Cloud giant AWS on Tuesday launched a series of new data services aimed at integrating the movement of data between AWS services.
During the opening keynote on the second day of the AWS re:Invent 2022 user conference, AWS CEO Adam Selipsky outlined a series of new services designed to help organizations better use data in the cloud.
Among the services is Amazon DataZone, which provides data management capabilities including data catalog and data governance.
Another new data management service is a serverless version of the Amazon OpenSearch service that is now available in preview.
Also in preview are a pair of services designed to enable better data integration without the need for extract, transform and load (ETL) operations across AWS cloud data services. The new capabilities include the Amazon Aurora zero-ETL integration with Amazon Redshift and Amazon Redshift integration for Apache Spark.
AWS competes against Microsoft Azure and Google Cloud Platform. A continuing challenge for AWS is the ability to support third-party data sources that reside outside its cloud platform.
AWS is trying to be all things for all people, said Hyoun Park, an analyst at Amalgam Insights.
The additions revealed at re:Invent 2022 all relate to Amazon needing to be more open, scale faster and provide more context to users, Park said. And the combination of serverless capabilities and increased data source support all respond to the need to translate data into business insights.
"These announcements go hand in hand with Amazon's focus on supply chain, which requires the translation of massive amounts of data into practical analysis and recommendations and shows Amazon's continued role as a data and analytics provider working at massive scale," Park said.
AWS looks to ease cloud data integration
Hyoun ParkAnalyst, Amalgam Insights
Selipsky said during his keynote that a goal for AWS is to build integrations between its services to make it easier to do analytics and machine learning without having to deal with ETL tasks.
"What if we could eliminate ETL entirely? That would be a world we would all love," Selipsky said. "This is our vision for what we're calling a zero ETL future."
He noted that one area where organizations spend time building and managing ETL pipelines is between transactional databases and data warehouses.
To reduce the need for ETL in that use case with AWS cloud data services, the cloud giant built the new Amazon Aurora zero-ETL integration with Amazon Redshift service. The goal of that service is to let users of the Amazon Aurora relational database easily move data back and forth to the Amazon Redshift data warehouse.
"This integration brings together transactional data with analytics capabilities, eliminating all of the work of building and managing customer data pipelines between Aurora and Redshift," Selipsky said.
The Amazon Redshift integration for Apache Spark further reduces the need for ETL. Apache Spark is a widely used analytics query engine. Previously, Redshift users needed to migrate data to a different location, such as an Amazon S3 data lake, to run Spark queries.
With DataZone, AWS wants to govern cloud data
AWS is also taking aim at the data catalog and governance market with the preview of Amazon DataZone.

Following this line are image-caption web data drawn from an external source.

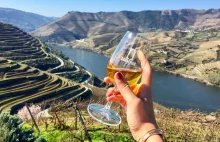 Portugalskie wina | Lora Gourmet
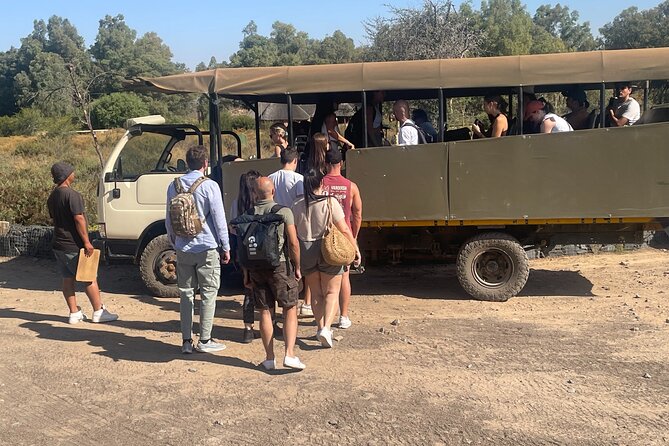 SAFARI Aquila Game Reserve - Round trip + Lunch incl. (Cape Town) - Who will enjoy this safari most?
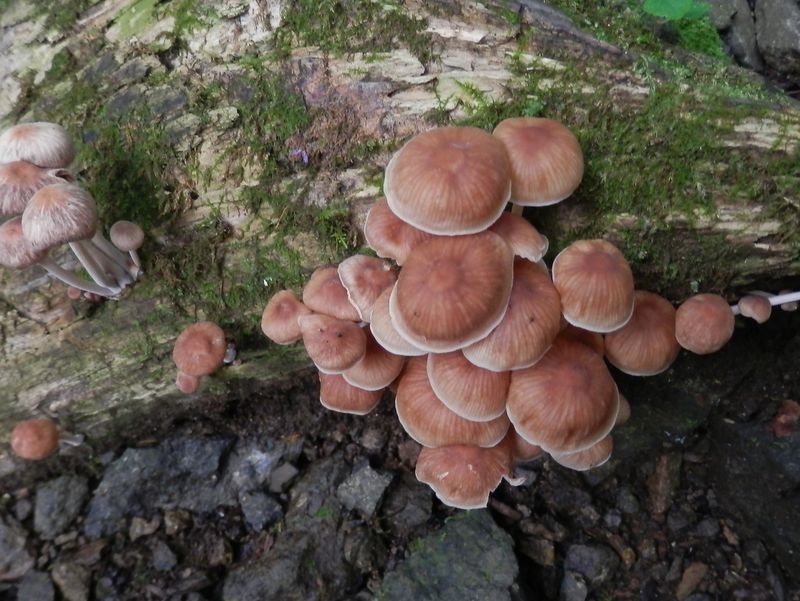 こういうキノコのは見るだけ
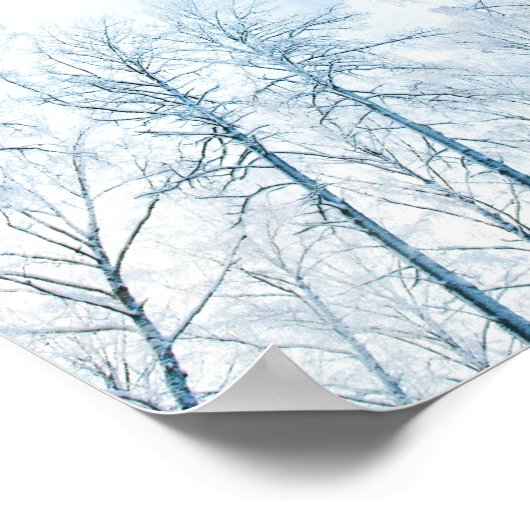 冬と空の木 ポスター (角)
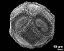 hydrated pollen grain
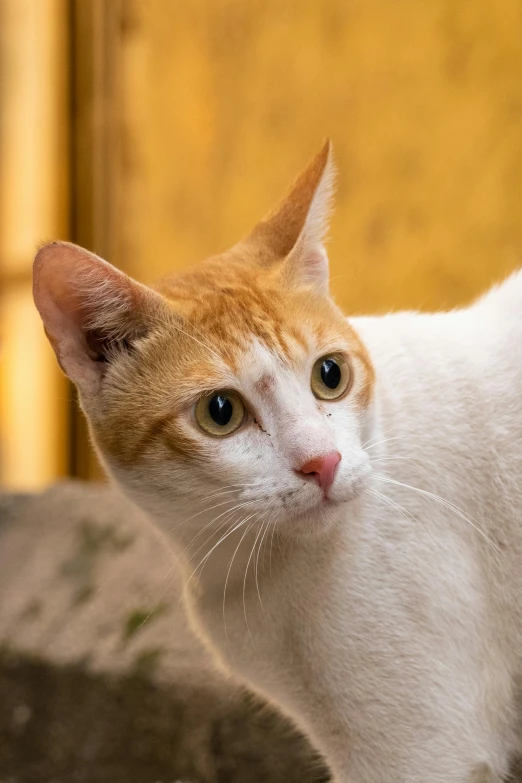 an orange and white cat looking into the camera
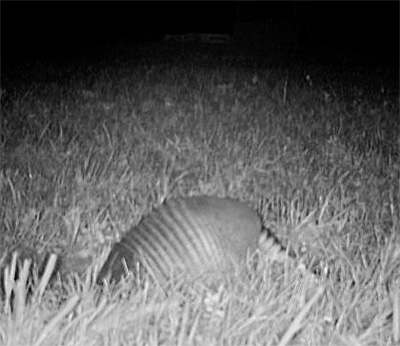 Photo - Armadillo digging in turtle nest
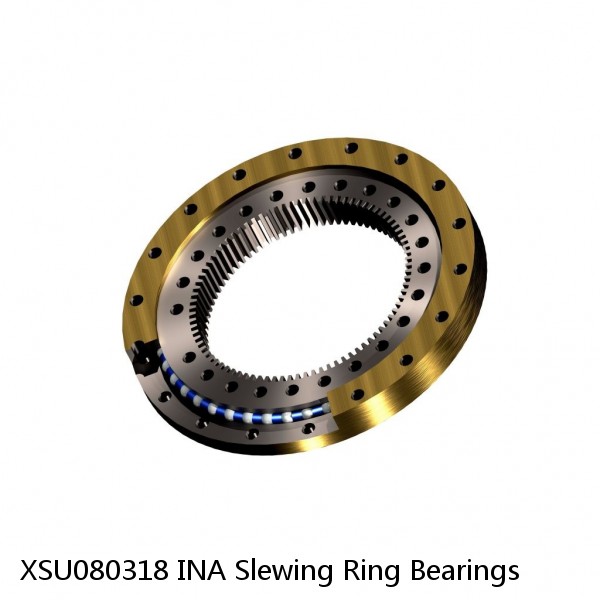 XSU080318 INA Slewing Ring Bearings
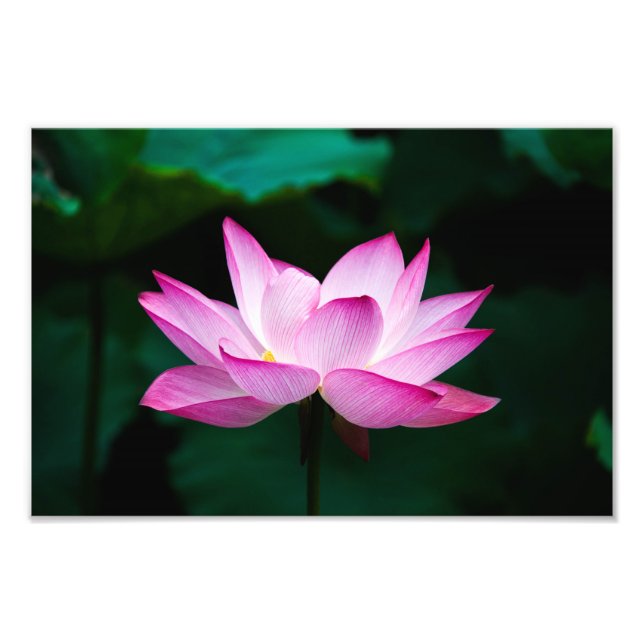 Impression Photo lotus (Devant)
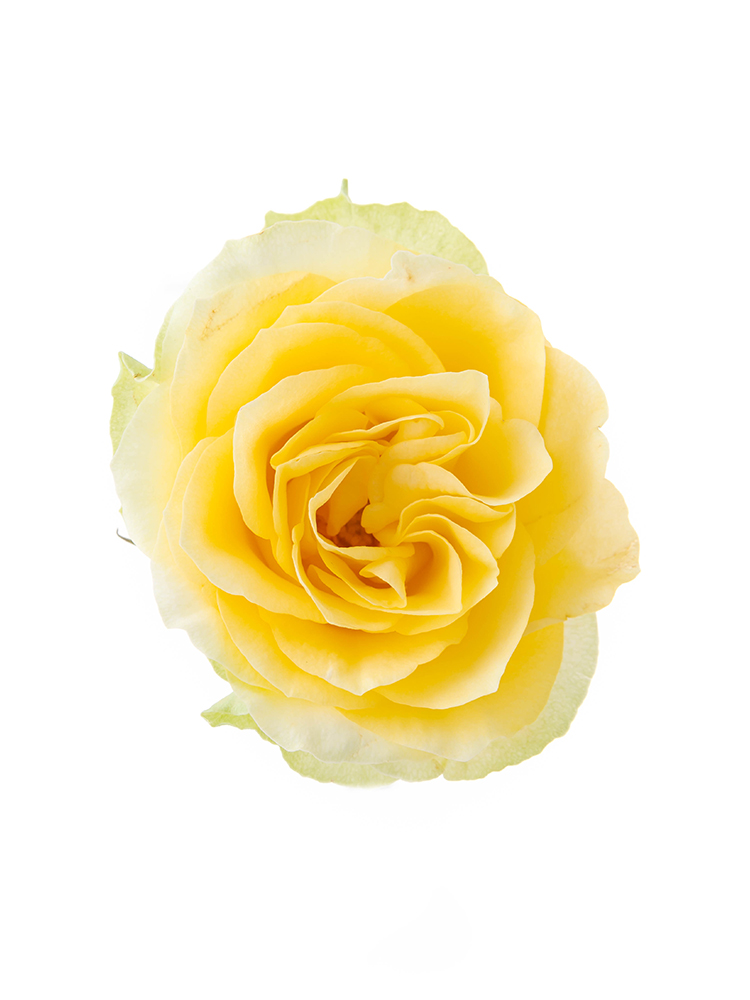 【生花】バラ イリオス 40cmの花アップ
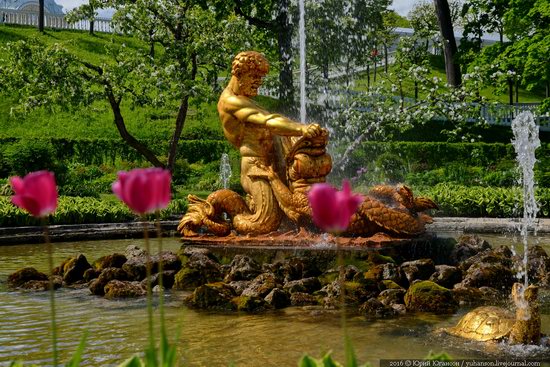 Spring in Peterhof museum, St. Petersburg, Russia, photo 7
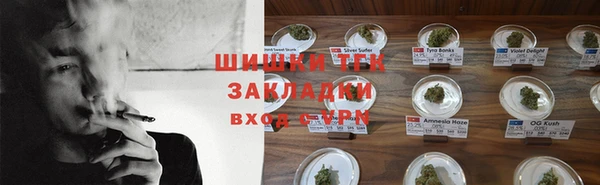 индика Волоколамск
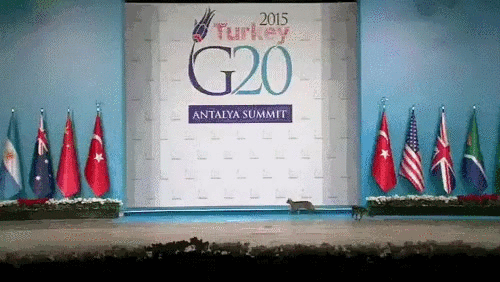 Гифка Коты на саммите G20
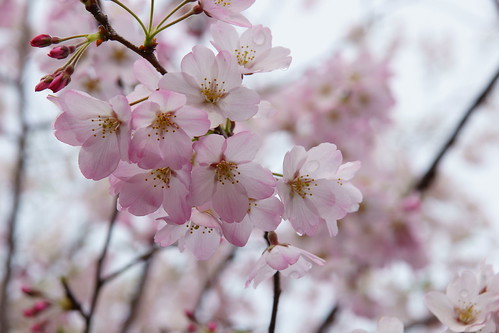 ジンダイアケボノとは?ソメイヨシノの後継種とされる桜の概要をご紹介!のイメージ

DataZone lets users catalog, discover, share and govern data across an organization.
DataZone provides a data catalog accessible through a web portal where users within an organization can find data that can then be used for analytics, business intelligence and machine learning. All the data in DataZone is governed by access and use policies that the organization can define, and data lineage is also tracked.
"To unlock the full power and full value of data, we need to make it easy for the right people in applications to find access and share the right data when they need it," Selipsky said.